Turkey is a concern in other ways too: despite Recip Tayyip Erdogan ‘sclaim that he suppressed a coup against a democratically elected government, his government has behaved increasingly autocratically and suppressed freedoms the EU - and Nato - is supposed to uphold. 
Turkey’s reliability as a Nato ally has also come into question after its erratic reaction to Russian operations in Syria, first shooting down a Russian aircraft, then welcoming President Vladimir Putin as an ‘ally’. 
French support for an EU army is already strong, but could depend on next year’s elections. Former President Nicolas Sarkozy, who is intending to stand again, formally brought France back into Nato’s military command structure in 2009, after an absence of 43 years.
Nonetheless, despite having been a founder member of Nato, there has continually been suspicion in France about the alliance’s domination by the US. This came to a peak in 1966 when General de Gaulle closed NATO headquarters, then located in a suburb of Paris, and forced thousands of US troops to leave the country. 
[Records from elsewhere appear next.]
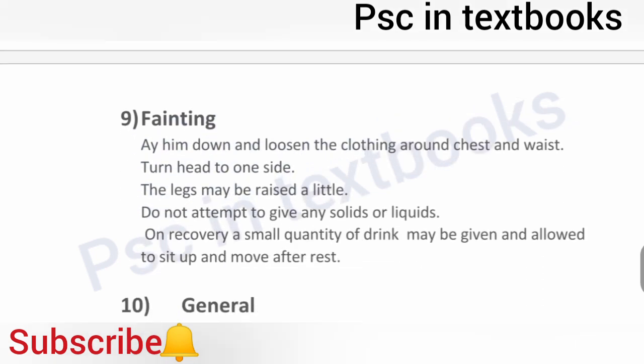Fainting: lay the patient down and loosen the clothing around the chest and waist. Turn the head to one side. The legs may be raised slightly.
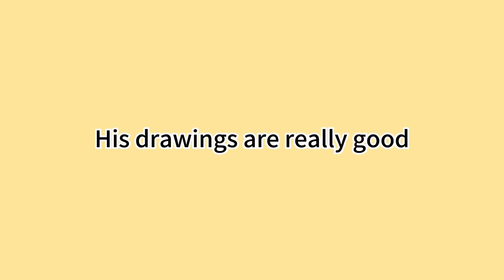Tom likes reading and drawing. His drawings are really good.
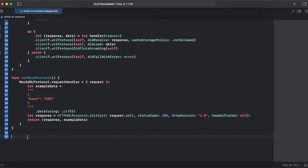Our mock data consists of a simple JSON that has a key 'base' that returns USD. Now we need to create a structure of our object that will be handling our data.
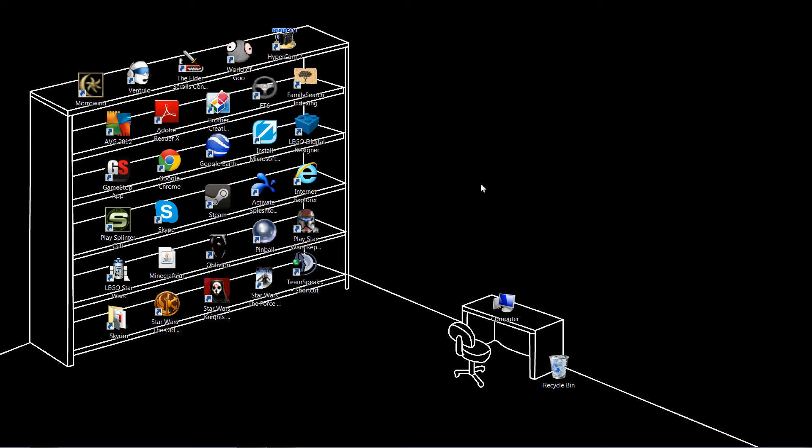Hello everyone. Recently, I discovered an amusing prank you can pull on a Windows computer. For this demonstration, I'll be using Windows 7. I'm not sure if it works on other Windows computers, but I'm pretty sure it does.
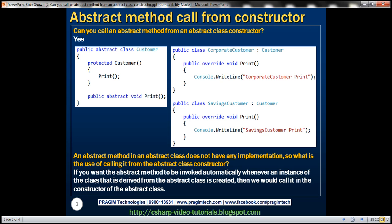So, if you want the abstract method to be invoked automatically, whenever an instance of the class that is derived from the abstract class is created, then we would call it in the constructor of the abstract class.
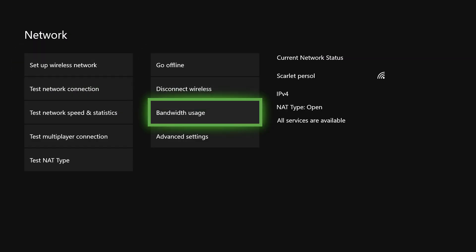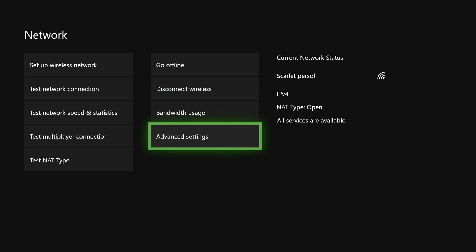On here, go to Advanced Settings. I can't demonstrate it right now because there is some private information. What you need to do is go to Alternate MAC Address — it will say 'Alternate MAC Address' — and you want to click on Clear. Once you click on Clear, it will tell you to restart your console. Just restart it, and you can fix your problem just by doing this.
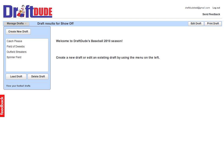Thanks for checking out DraftDude.com. This is about a 90-second preview of our free baseball service that includes projected statistics, player rankings, and all that stuff.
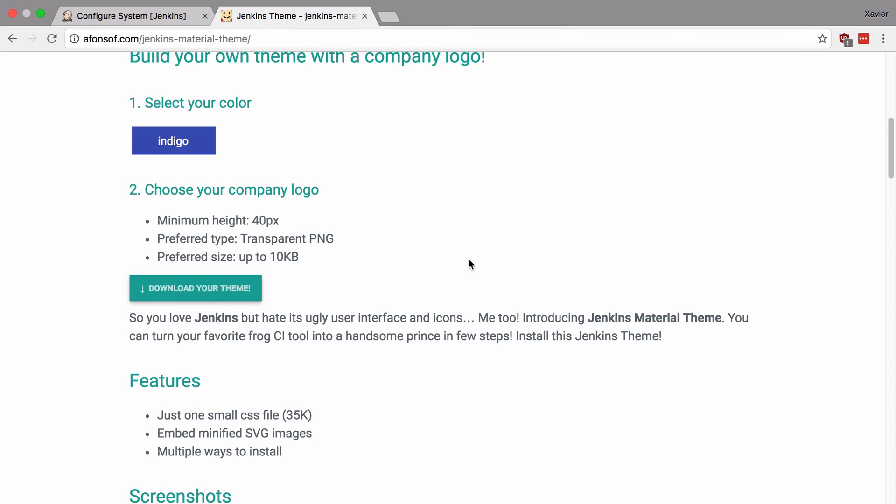Now the second way that you can use this theme is to use the hosted version of the CSS file. You see the author of this theme also offers up hosting for it. Now the advantages of using this technique is that whenever he updates his theme you will always have the latest version. But if you download the theme and host it yourself you will also have to manually update your theme.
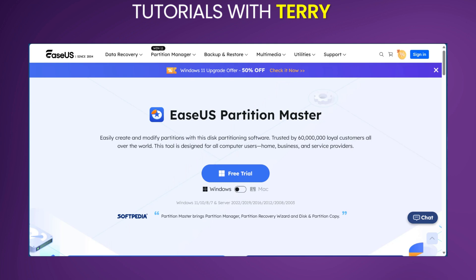On the flip side, we have a few cons. It has a limited free version, meaning some advanced features are only available in the paid professional version. There is also the potential for occasional errors, though these often resolve after a few attempts. And lastly, certain operations require a system restart to apply changes, which can be nerve-wracking for some users.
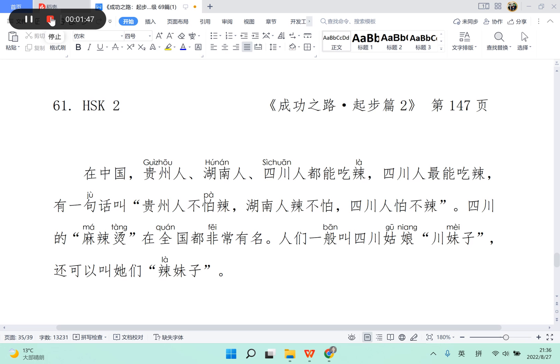有一句话,叫贵州人不怕辣,湖南人辣不怕,四川人怕不辣。四川的麻辣烫,在全国都非常有名。人们一般叫四川姑娘川妹子,还可以叫她们辣妹子。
Sarkozy, if elected, would be unlikely to reverse his earlier decision, but he would also be extremely unlikely to oppose a parallel EU military structure, in which France, with the largest standing army and as the sole EU nuclear power, would be the dominant partner, easily overshadowing Germany for once.
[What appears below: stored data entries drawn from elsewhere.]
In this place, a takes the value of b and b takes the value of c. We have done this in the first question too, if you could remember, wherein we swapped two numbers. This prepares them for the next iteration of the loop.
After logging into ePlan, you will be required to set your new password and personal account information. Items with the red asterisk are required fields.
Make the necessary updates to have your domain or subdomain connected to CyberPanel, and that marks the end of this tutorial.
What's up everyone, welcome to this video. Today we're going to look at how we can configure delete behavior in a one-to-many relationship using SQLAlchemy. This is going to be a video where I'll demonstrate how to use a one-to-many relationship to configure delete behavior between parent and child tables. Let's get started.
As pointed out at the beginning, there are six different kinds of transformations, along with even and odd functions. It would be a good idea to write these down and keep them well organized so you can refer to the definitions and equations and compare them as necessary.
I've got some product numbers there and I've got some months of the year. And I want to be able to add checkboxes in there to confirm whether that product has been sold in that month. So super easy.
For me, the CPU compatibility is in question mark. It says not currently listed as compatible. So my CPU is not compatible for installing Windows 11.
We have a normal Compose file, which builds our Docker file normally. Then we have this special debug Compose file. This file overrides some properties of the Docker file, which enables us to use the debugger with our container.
The Germans on the other hand, fed up with being criticised within Nato for not contributing more men to operations outside Europe, would be more than happy to participate in a military force confined to a defensive role within EU borders. That would chime with the quote attributed to the great ‘peacemaker’ Chancellor Willy Brandt, that war should ‘never again begin from German soil.”
The attitude of other countries is less certain. Spain enthusiastically joined Nato in 1977 after the death of dictator Francisco Franco, but also retains a certain  wariness of a US ‘cavalier’ attitude to military adventures. In particular the Spanish have never forgotten the 1966 incident when two US B-52 bombers refuelling over Spanish soil collided, dropping four nuclear bombs near the Spanish fishing village  of Palomares west of Malaga.
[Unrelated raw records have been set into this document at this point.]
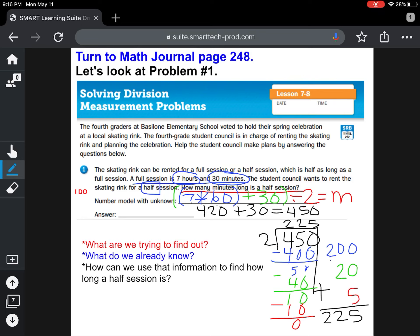So when the question asks how many minutes long is a half session, you should say 225 minutes. Don't forget to add your unit. We're going to solve one more problem like that on the next slide and do it together. If you don't have all of this work written down, pause your video now so you can get it all caught up. Then turn it back on when you're ready to move to problem number two.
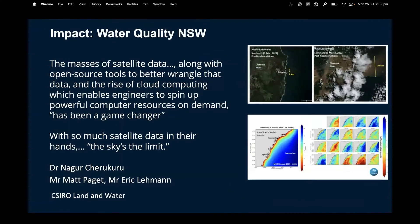Here are some examples of work done across CSIRO and with external partners. This project, led by Dr. Nagur Cherukuru, looks at water quality off the coast of New South Wales, assessing changes over a very long time series — the full history of the MODIS archive, a couple of decades. This gives insight into how offshore water quality has changed over decades, which can be used to infer upstream changes in land use and sediment load in rivers.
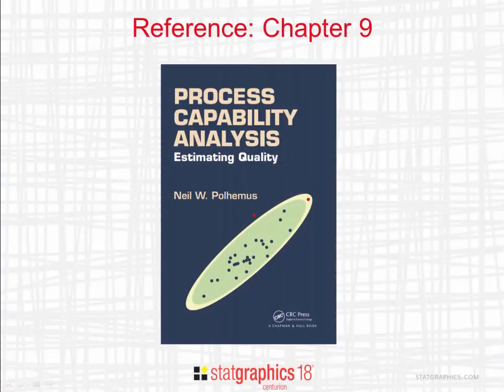If you'd like to read more about designing capability control charts, take a look at Chapter 9 of my book on Process Capability Analysis, Estimating Quality, published by CRC Press.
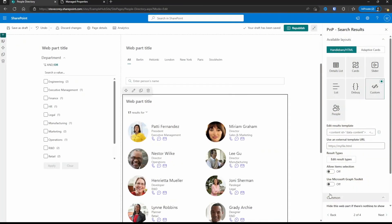That looks much, much better. We increased the size, added some spacing, made sure that they're all on one line. This is looking sharp. Let's publish this and see how it works.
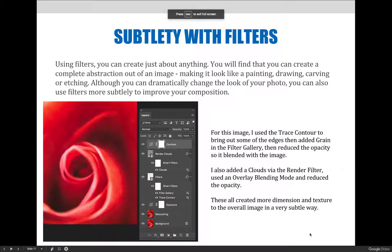Now that we've covered filters and how to apply them, let's talk about using them. With filters, you can create just about anything. You'll find that you can create a complete abstraction out of an image, making it look like a painting, drawing, mosaic, etching, and so on.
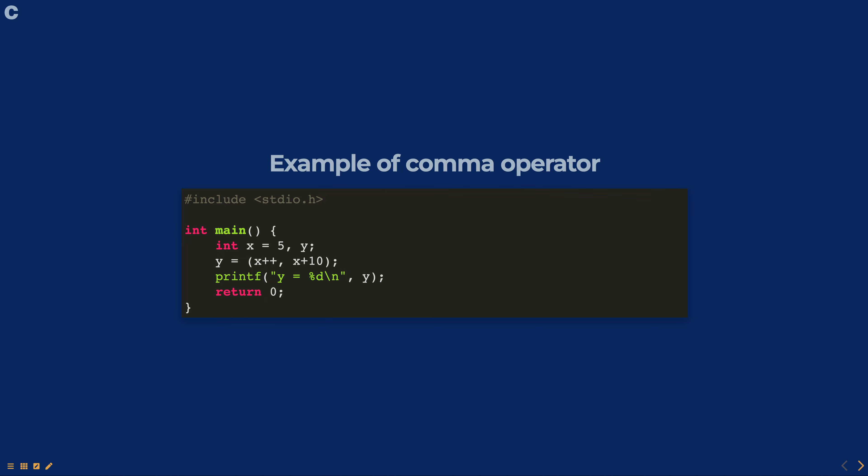Here is an example of the comma operator in C. In this example, the comma operator is used to separate the two expressions: x++ and x+10. The left-hand side expression x++ is evaluated first and increments the value by one. Then the right-hand side expression x+10 is evaluated and the value is assigned to y. The final value of y is x+10, which is 5 plus 10 equals 50.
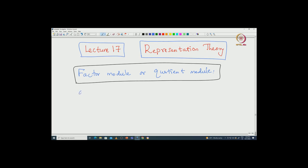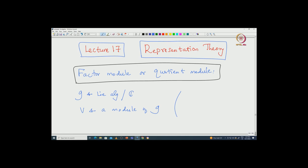We start with a Lie algebra G over C and let V be a module for G. So V is a module of G — in other words there is an action of G on V. As noted before, the words representation and module can be interchangeably used. The module structure on V is given by the map phi from G to GL(V).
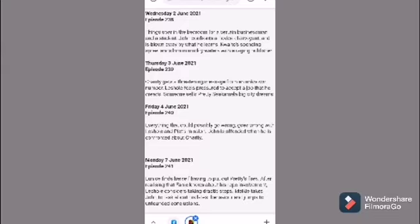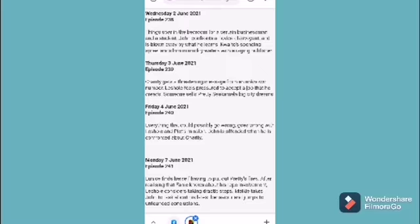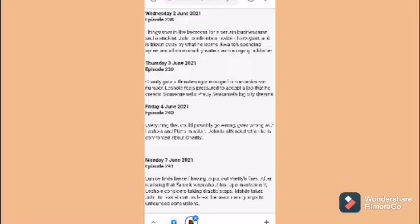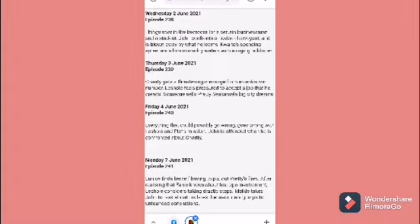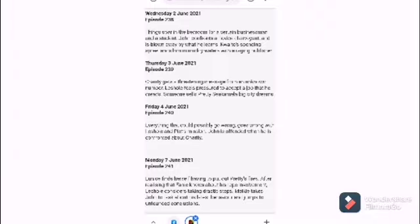Hello guys, how are you and welcome back again to Africa Foil. So guys, today let's talk about the latest of Skeem Saam and get updated. Today is Monday, the 7th of June 2021, episode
Luckily the weapons were not primed - had they been, large parts of Andalucia and Murcia would have been wiped out - but the village was bombarded with flaming metal from the aircraft, non-nuclear bombs on board did explode, and a vast area was contaminated with nuclear material. As recently as October 2015, US Secretary of State John Kerry promised 50,000 tonnes of remaining contaminated material would be removed.
And then there is Ireland. The Republic is officially neutral and although it has a policy of cooperation with Nato, it has refused to join the organisation and popular opinion is strongly against. As one of the EU’s most enthusiastic members, which was quick to adopt the Euro and converted all road signs to kilometres, it is unlikely to opt out of any new EU structure. 
Irish troops already participate in the ‘Battlegroups’ structure and have signed up on the rosters - to date never deployed - along with Finland, Estonia, Latvia,  Lithuania, Croatia, Belgium, Luxembourg and the Czech Republic. It is highly unlikely not to sign up to a common command. 
There is no question of supplanting Nato overnight, particularly for those countries bordering Putin’s Russia, but an EU army that would arguably give them a standing force along that border, if at present primarily concerned with migration, would be considered reassuring. 
The writing is on the wall, but for now nobody is quite sure what it says.